Keep all other columns as they are and save the resulting DataFrame as result_df. Ensure the columns match the exact order specified in the schema.
File Path
- Dataset:
/home/interview/sales.csv
- Starter script:
/home/interview/discount_parser.py
Schema
sales.csv
| Column Name |
Data Type |
| StoreID |
String |
| ProductName |
String |
| Category |
String |
| SoldUnits |
Integer |
| Description |
String |
Expected Output Schema
| Column Name |
Data Type |
| StoreID |
String |
| ProductName |
String |
| Category |
String |
| SoldUnits |
Integer |
| Description |
String |
| Discount |
Float |
Example
Given this sample input:
df
| StoreID |
ProductName |
Category |
SoldUnits |
Description |
| S101 |
Biscuits |
Food |
120 |
Tasty Biscuits [10% off] |
| S102 |
Shampoo |
Hygiene |
85 |
Smoothens Hair [5% off] |
| S103 |
Banana |
Food |
150 |
Fresh Bananas |
| S101 |
Toothpaste |
Hygiene |
300 |
Protects Teeth |
| S102 |
Shirt |
Clothes |
65 |
Cotton Shirts [20% off] |
The expected output would be:
| StoreID |
ProductName |
Category |
SoldUnits |
Description |
Discount |
| S101 |
Biscuits |
Food |
120 |
Tasty Biscuits [10% off] |
0.1 |
| S102 |
Shampoo |
Hygiene |
85 |
Smoothens Hair [5% off] |
0.05 |
| S103 |
Banana |
Food |
150 |
Fresh Bananas |
0.0 |
| S101 |
Toothpaste |
Hygiene |
300 |
Protects Teeth |
0.0 |
| S102 |
Shirt |
Clothes |
65 |
Cotton Shirts [20% off] |
0.2 |
from pyspark.sql import SparkSession
from pyspark.sql import functions as F
spark = SparkSession.builder.appName("PrepareshSpark").getOrCreate()

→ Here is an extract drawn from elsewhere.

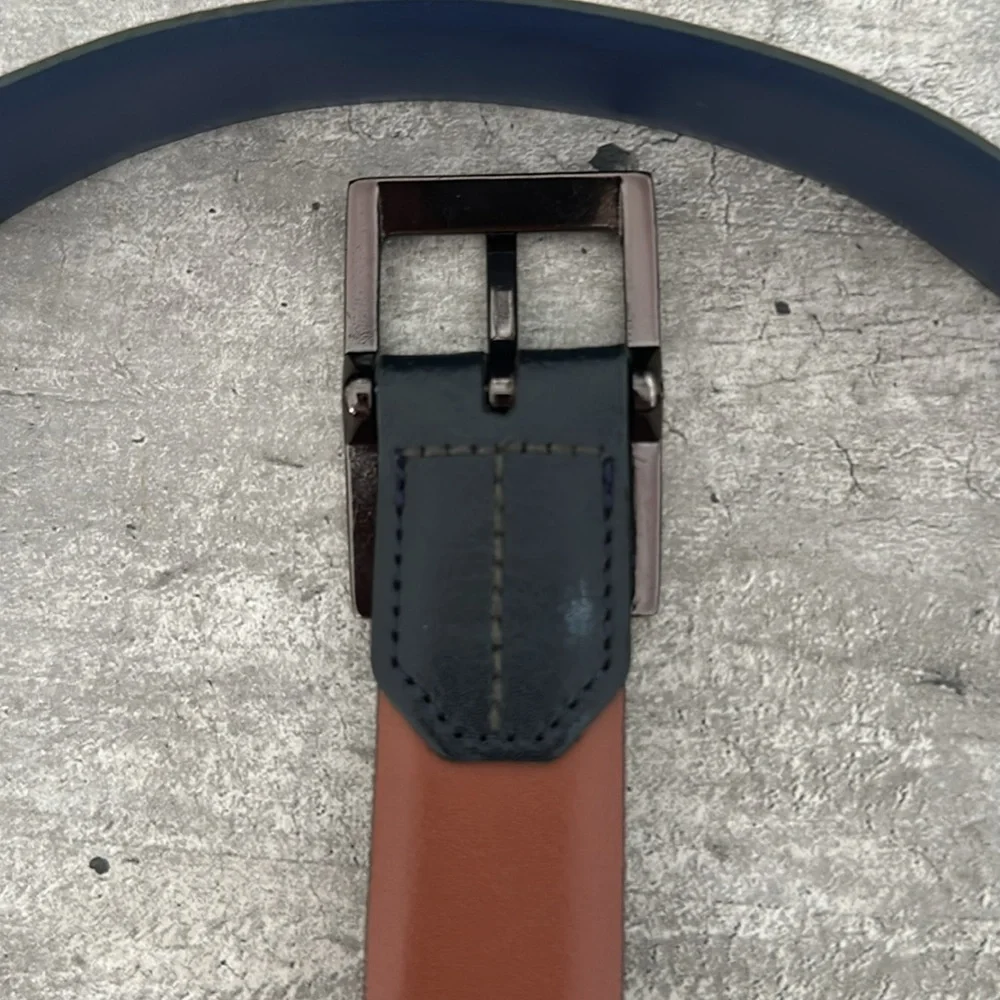 Ted Baker  Blue and Brown Leather Reversible Belt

spark.sparkContext.setLogLevel("ERROR")
df = spark.read.csv("/home/interview/sales.csv", header=True, inferSchema=True)
# Step 1: Extract the numeric discount using a regular expression capture group
result_df = df.withColumn(
"extracted_str",
F.regexp_extract(F.col("Description"), r"\[(\d+)%\s*off\]", 1)
)
# Step 2: Convert the extracted string to a float, handling empty strings (no discount) safely
result_df = result_df.withColumn(
"Discount",
F.when(F.col("extracted_str") == "", 0.0)

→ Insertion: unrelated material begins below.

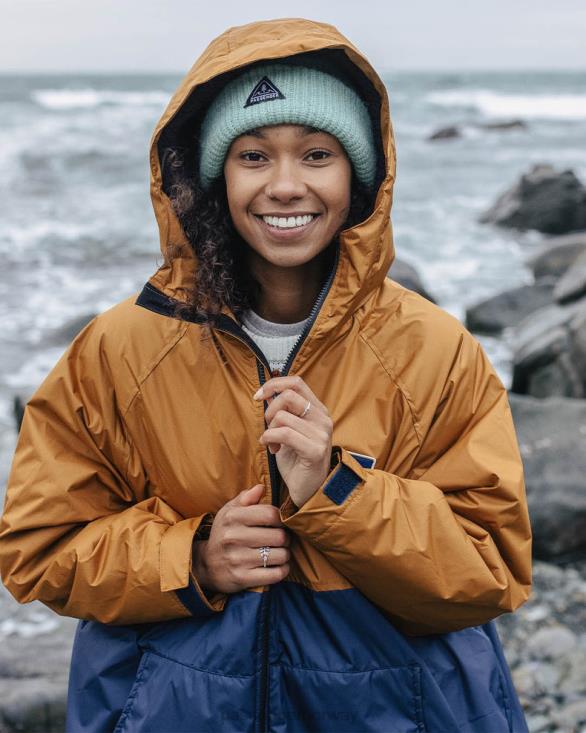 Passenger menn roaming resirkulert sherpa fôret skiftende kappe rik marine/gyllen brun 06024645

.otherwise(F.col("extracted_str").cast("float") / 100.0)
)
# Step 3: Select only the required columns in the exact requested order
result_df = result_df.select(
"StoreID", "ProductName", "Category", "SoldUnits", "Description", "Discount"
)
# --- Do not edit below this line ---
result_df.coalesce(1).write.csv("/home/interview/output", header=True, mode="overwrite")
spark.stop()
Explanation
Step 1: Extracting the Pattern with Regex
result_df = df.withColumn(
"extracted_str",
F.regexp_extract(F.col("Description"), r"\[(\d+)%\s*off\]", 1)
)
To pull the exact number out of the string, we use PySpark's regexp_extract(). The pattern r"\[(\d+)%\s*off\]" looks for a literal opening bracket [, followed by one or more digits (\d+), followed by a percent sign, a space, "off", and a closing bracket ]. By wrapping the \d+ in parentheses, we create a "capture group." Passing 1 as the final argument tells PySpark to return only the digits captured inside those parentheses.

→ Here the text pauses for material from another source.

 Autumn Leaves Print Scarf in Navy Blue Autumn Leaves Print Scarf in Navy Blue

Step 2: Safe Casting and Math
result_df = result_df.withColumn(
"Discount",
F.when(F.col("extracted_str") == "", 0.0)
.otherwise(F.col("extracted_str").cast("float") / 100.0)
)
If a row does not contain the discount tag (like "Fresh Bananas"), regexp_extract returns an empty string "". In newer versions of PySpark, trying to .cast("float") on an empty string throws a fatal NumberFormatException and crashes the job.
To prevent this, we use F.when() to safely catch empty strings and immediately output 0.0. If a number was extracted, we cast it to a float and divide by 100.0 to convert the percentage into a decimal (0.10).
Step 3: Formatting the Output Schema
result_df = result_df.select(
"StoreID", "ProductName", "Category", "SoldUnits", "Description", "Discount"
)
Because we created an intermediate column (extracted_str) to make our code readable, we use .select() at the end of the script to drop it and ensure the final columns exactly match the requested schema order.